Hi
I want to interface 4 digit 7-segment display to my project containing arduino mega. Most of pins of mega are already being used for interfacing with 20x4 LCD, keypad, arduino nano and thermal printer. Now only A0-A12 pins are free on arduino. Now I have different options to interface 7-seg with my mega
1 directly interface 7-seg using arduino library
2 using shift registers and shiftout() function like this
3 using bcd to 7 segment decoder ics
I know all of these can work, but I want to know which one will be more resilient to EMI and sturdy and also less compute expensive for my arduino.
I guess the 4 digit 7 segment display has 12 or so pins
The easiest is to use a MAX7219 or MAX7221 chip especially if your display is common cathode device. Then you don't have to handle multiplexing and you don't have to have current limiting resistors on the segments.
Also you have port multiplier options. You may be able to free some pins by converting your LCD display to I2C with a backpack (only 4 wires including power)
If you haven't yet chosen your 4 digit display, you can get one which includes a driver chip which needs far less pins that connecting the raw display.
It will only need 2 I/O to control. I would also get an I2C backpack for your LCD which would free up more pins on the same 2 I/O as long as they have different I2C addresses.
I'd be looking at the TM1637 IC, which is commonly used with such displays (you can easily buy display modules with that chip in place). Just two I/O pins needed to control the thing, but not I2C.
wvmarle:
Just two I/O pins needed to control the thing, but not I2C.
Which means that with the TM1637, you need one pin per display plus one for all, while with I2C you can easily have eight displays on the same two I2C lines as other devices.
With the MAX7219 (common cathode or common anode does not matter much), three pins to control more than eight.
Paul__B:
Which means that with the TM1637, you need one pin per display plus one for all, while with I2C you can easily have eight displays on the same two I2C lines as other devices.
OP mentions a single 4-digit display, and doesn't mention I2C being in use already. Based on that it appears both solutions will take the same number of pins; with the MAX7219 solution using a pin more. Of course if the 2004 display gets its own I2C backpack the two displays could share the same I2C bus, saving the most pins overall.
I think max7219 option is great. I have written code and simulated in proteus, works ok.
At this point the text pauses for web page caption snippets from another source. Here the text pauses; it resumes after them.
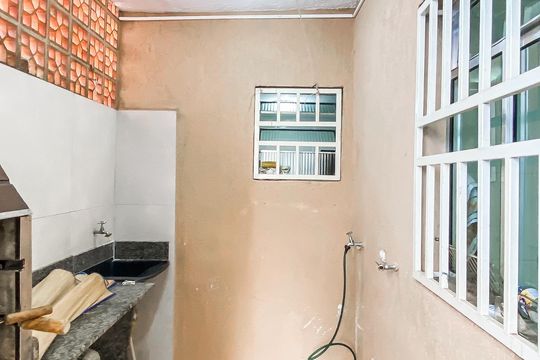 Área de  de casa para alugar com 2 quartos, 90m² em Vila Ré, São Paulo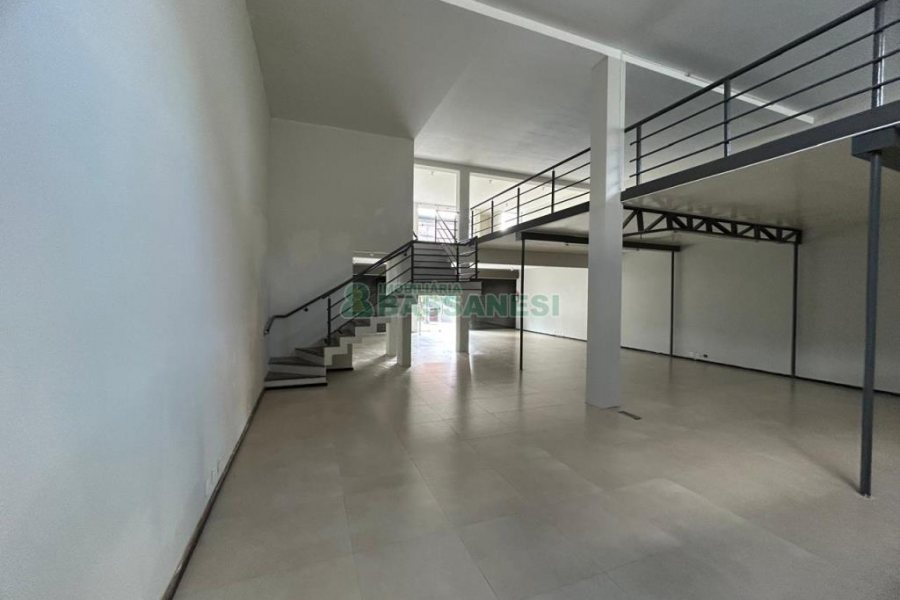 Loja com 250m², no bairro Pio X em Caxias do Sul para Alugar
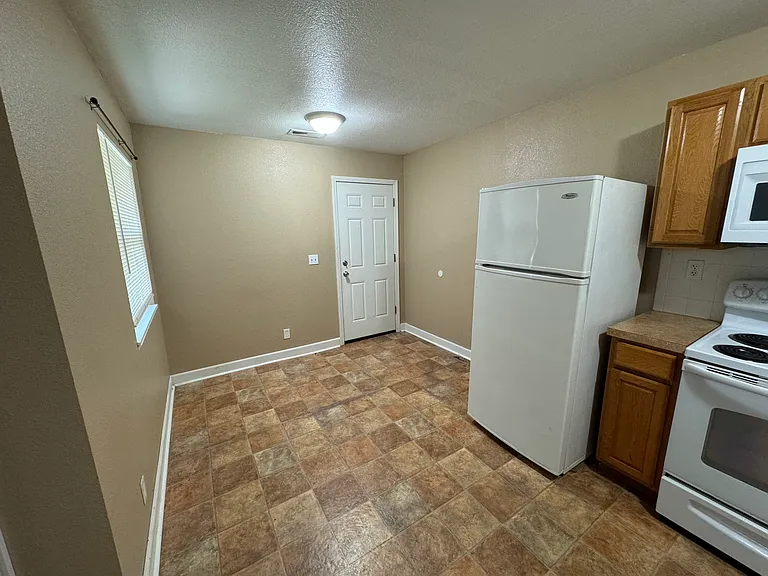 1011 W 24th St #1011 — Photo 66
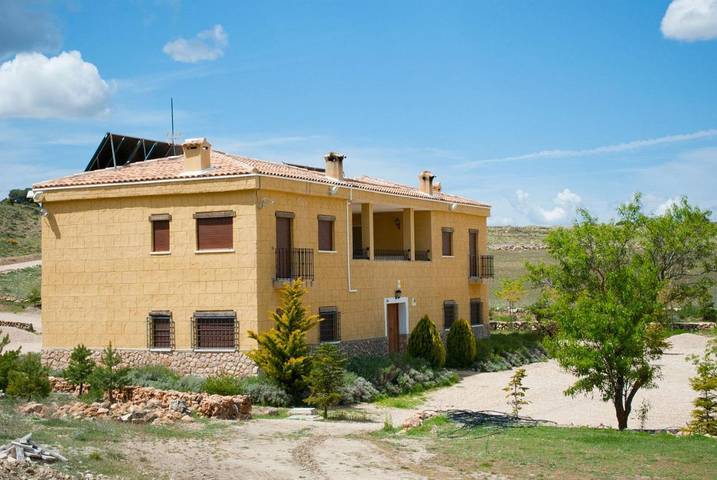 Casa de vacaciones para 5 personas, con jardín además de vistas y piscina en Sierra de Alcaraz - 2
But I have only one question Is this good solution for industrial environment and my display could be 3 feet far from mega
I mean can SPI handle data at low speed upto distance of three feet without using line drivers?
Speed was not big concern. So i am using shiftout function instead of any library or spi hardware
Shielded 22 AWG twisted pair cables have capacitance in the range of 100-240 pF/m. So the maximum bus length of an I2C link is about 1 meter at 100 Kbaud, or 10 meters at 10 Kbaud. Unshielded cable typically has much less capacitance, but should only be used within an otherwise shielded enclosure.
For a given data rate, the maximum number of devices on the bus is limited by the capacitance on the SDA and SCL pins, and is also a function of the pull-up resistance values on the SDA and SCL lines. Using the 4.7k ohms pull-up values, the I2C port is capable of data transfer rates up to 100 kilobits per second with maximum bus loading of 170 picofarads (pF). Adding parallel 3.3K resistors to the SDA and SCL lines brings the equivalent pull-up resistance down to 2K, and allows 100 KHz signaling with bus capacitance as high as 400 pF.
Very different protocol (push/pull signals instead of open collector) so it has its own limitations. Bus capacitance is of course the main parameter, as explained a.o. here.
wolframore:
I thought we were discussing freeing up pins by utilizing I2C? I'm still in the that's the easiest and best solution for this project.
My Main concern was not less pins but solution in which most of multiplexing load is not on microcontroller and is more resilient to noise and I think MAX7219 is best. What do you say?
I ordered the components but got wrong ones, I will test my circuit with MAX7219 and two 4-digit segments and will update its performance in industrial environment with 3 feet cable.